From: Association for Recorded Sound Discussion List [mailto:[log in to unmask]] On Behalf Of Loftus Becker
Sent: Tuesday, April 25, 2017 12:41 PM
To: [log in to unmask]
Subject: Re: [ARSCLIST] Copyright ownership
I don’t see what’s so bizarre about that. It means that when, for instance, Ward Marston spends many skilled hours restoring old 78s and issues a CD of the product, you and I can’t just make copies and sell them for less money.

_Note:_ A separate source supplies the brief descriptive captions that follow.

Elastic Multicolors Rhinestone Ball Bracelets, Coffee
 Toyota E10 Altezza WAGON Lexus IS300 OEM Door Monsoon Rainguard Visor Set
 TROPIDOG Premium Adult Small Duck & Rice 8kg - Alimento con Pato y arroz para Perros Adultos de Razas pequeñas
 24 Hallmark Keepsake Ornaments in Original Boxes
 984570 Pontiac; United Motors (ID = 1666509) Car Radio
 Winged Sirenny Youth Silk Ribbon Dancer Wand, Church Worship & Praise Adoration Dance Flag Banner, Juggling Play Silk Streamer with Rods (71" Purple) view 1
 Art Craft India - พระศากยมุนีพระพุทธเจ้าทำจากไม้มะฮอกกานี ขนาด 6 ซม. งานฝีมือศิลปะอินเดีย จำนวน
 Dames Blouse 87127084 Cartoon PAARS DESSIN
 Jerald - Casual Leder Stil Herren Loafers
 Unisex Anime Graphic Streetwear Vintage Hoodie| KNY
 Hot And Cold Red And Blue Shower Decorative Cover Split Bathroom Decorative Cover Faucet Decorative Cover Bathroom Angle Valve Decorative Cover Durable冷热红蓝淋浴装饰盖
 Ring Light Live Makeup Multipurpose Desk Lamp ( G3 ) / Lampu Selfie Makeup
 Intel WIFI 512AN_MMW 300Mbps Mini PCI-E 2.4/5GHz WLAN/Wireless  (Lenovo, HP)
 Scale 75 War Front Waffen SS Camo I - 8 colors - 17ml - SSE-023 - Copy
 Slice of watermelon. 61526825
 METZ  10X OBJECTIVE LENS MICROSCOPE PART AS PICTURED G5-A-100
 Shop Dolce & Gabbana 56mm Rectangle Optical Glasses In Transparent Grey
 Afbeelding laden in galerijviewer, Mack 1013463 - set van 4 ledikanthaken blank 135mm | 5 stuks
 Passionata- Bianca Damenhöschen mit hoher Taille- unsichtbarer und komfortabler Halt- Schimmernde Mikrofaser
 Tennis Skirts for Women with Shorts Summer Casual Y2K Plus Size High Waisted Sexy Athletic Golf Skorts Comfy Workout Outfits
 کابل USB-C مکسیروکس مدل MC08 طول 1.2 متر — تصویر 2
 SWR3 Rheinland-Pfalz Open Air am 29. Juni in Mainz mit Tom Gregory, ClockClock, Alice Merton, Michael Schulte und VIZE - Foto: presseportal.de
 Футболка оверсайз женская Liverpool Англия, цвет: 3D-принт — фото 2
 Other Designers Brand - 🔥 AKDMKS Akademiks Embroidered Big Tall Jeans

He doesn’t get copyright in the original music or recording. We can still process our own copies of the 78s, or perform the music. We just can’t copy his restoration.
Is that wrong?
Professor of Law
University of Connecticut School of Law
> On Apr 25, 2017, at 12:31 PM, Wolf, James L <[log in to unmask]> wrote:
> Your client is probably referring to the bizarre decision last year from a US District Court in California. A judge decided that remastering a pre-1972 recording essentially created a new work, copyrightable by the remastering engineer. This article provides an analysis and contains a link to the decision itself: https://www.techdirt.com/articles/20160602/07371934600/this-is-bad-court-says-remastered-old-songs-get-brand-new-copyright.shtml
> As far as I know, this decision hasn't been tested by an appeals court yet, but I can't imagine that it will stand for very long. Still, I can't blame your client for being worried.